I was born and raised on the Gulf Coast of Texas where the cattle have a little more ear (Brahman) and almost everyone has a little Cajun in them.  My family often spent Sunday afternoons crawfishing, crabbing or we bought fresh shrimp right off the boats in the bay.  This is a family favorite I’d thought I’d share on this Meaty Monday-Etouffee.  We prefer it with crawfish but you can use shrimp or even chicken if the thought of crawfish scares you.


1-2 lbs of shrimp or crawfish.

1 stick of butter per lb of shrimp or crawfish

1 bunch of finely chopped green onion

1 diced bell pepper

1 bunch of chopped parsley

1 sm can of tomato sauce

1 can if italian diced tomatoes

Several tablespoons of flour

Cayenne pepper to taste.

I got these crawfish at Brookshire’s but I have seen them at Wal-Mart near here too.  I have bought the already seasoned ones too but I thought they seemed salty.  You can use pre-cooked shrimp or crawfish too but fresh is best!!

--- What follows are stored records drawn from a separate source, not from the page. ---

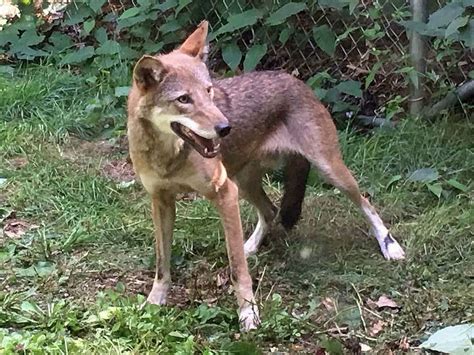 Rare Red Wolf Finds New Home At Beardsley Zoo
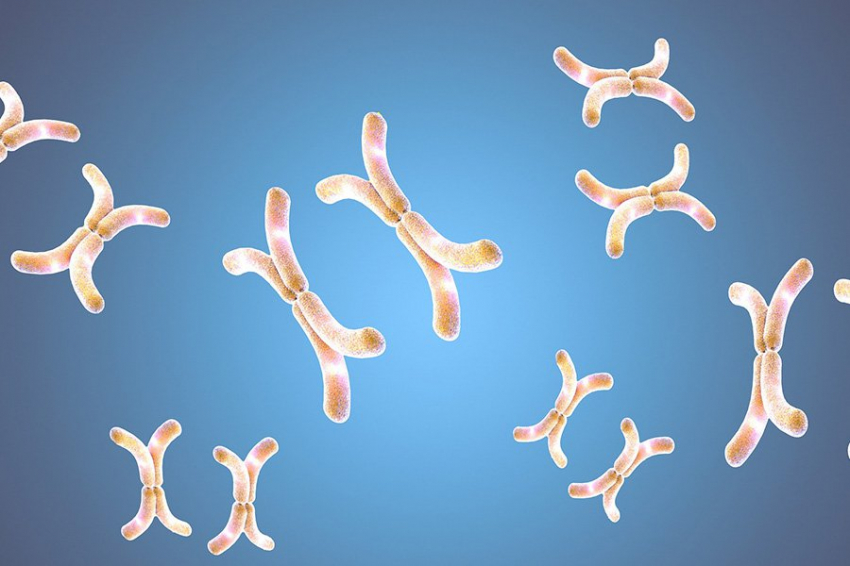 Cell: одна молекула обращает вспять признаки старения мышц и мозга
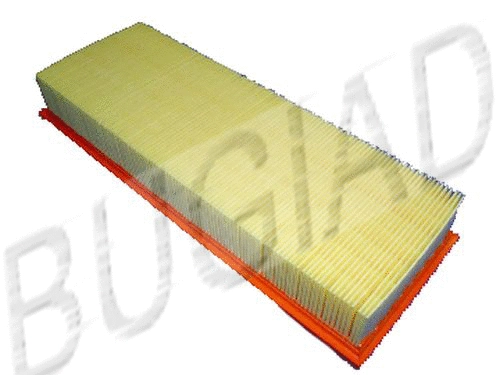 Air Filter (BSP20951)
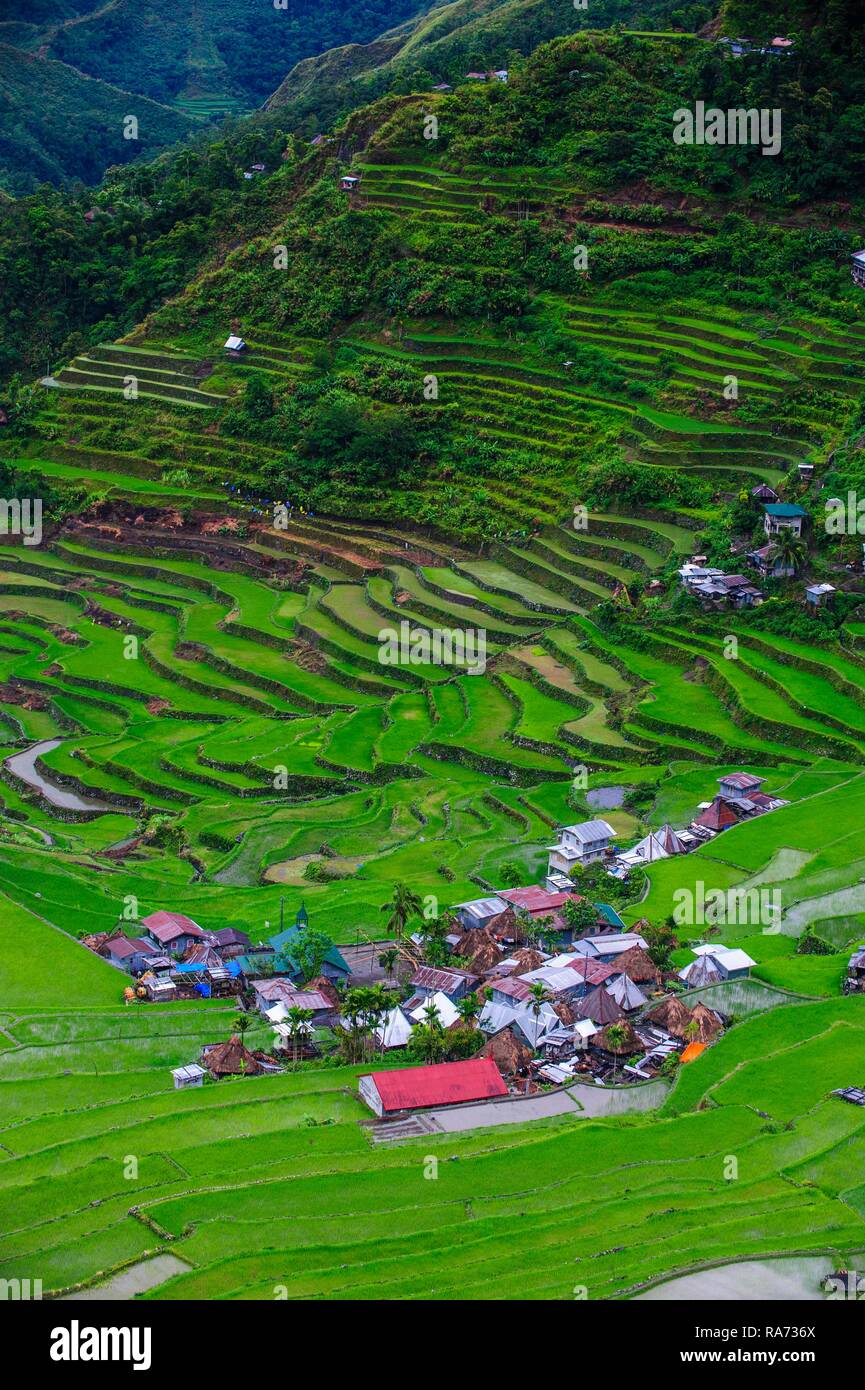 Batad terrazze di riso, parte del patrimonio mondiale vista Banaue, Luzon, Filippine Foto Stock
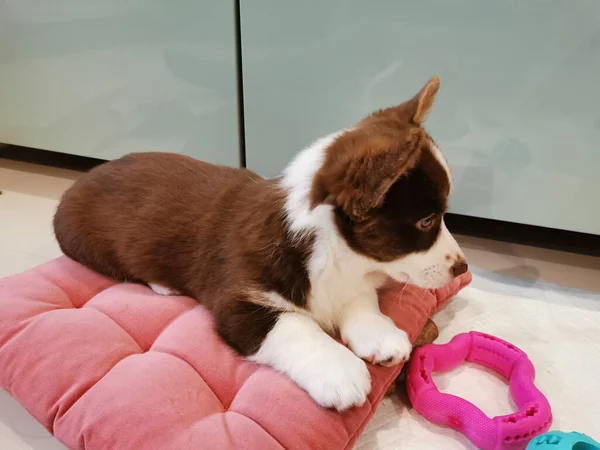 Cachorro Cardigan Welsh Corgi Meses Edad Color Marrón Con Hocico —  Fotos de Stock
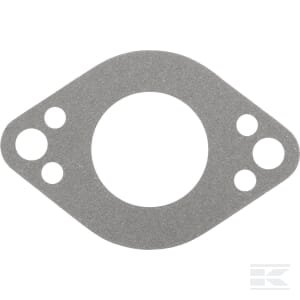 Įsiurbimo tarpinė Briggs & Stratton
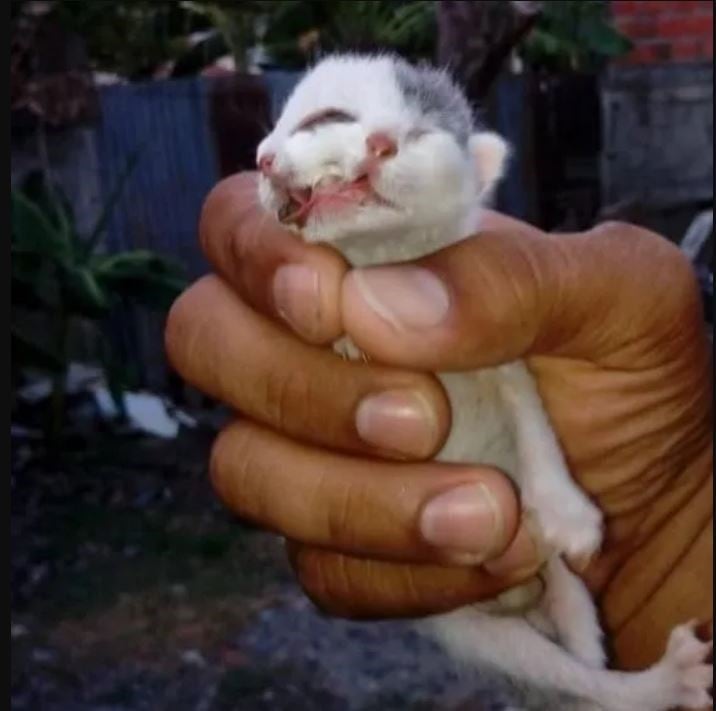 El gato que nació con dos cabezas.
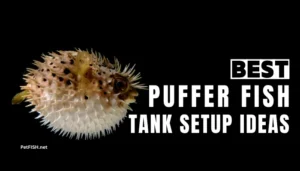 Best Puffer Fish Tank Setup Idea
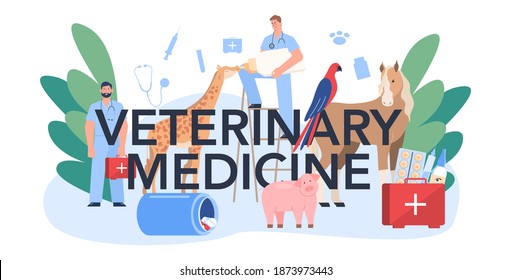 Veterinarian medicine typographic header. Veterinary doctor checking and treating animal. Idea of pet care. Farm and zoological garden animal medical treatment. Vector flat illustration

In a Skillet or pot melt the butter. Add gr. onion, bell pepper and parsley (note:  I use kitchen shears to cut up the parsley-remove larger stems) Saute veggies until done. Add shrimp or crawfish.

Cook about 5 minutes until the shrimp/crawfish are done.  Add Cayenne pepper to taste-remember a little goes a long way!  I sometimes use a little Lawry’s seasoned salt or Cavender’s at this point too.

Stir in tomato sauce and italian diced tomatoes-don’t drain.

Sprinkle mixture with 1 tablespoon of flour at a time and stir until it reaches desired thickness.  For me, usually 2 or 3 is enough.  Taste and see if it is hot enough for you…if not add some more cayenne-be careful!!

Yum!  Looks and smells wonderful.  Serve over rice- I just use the easy and quick boil in a bag kind.  I like to serve with crusty french bread slices topped with butter and garlic & toasted in the oven.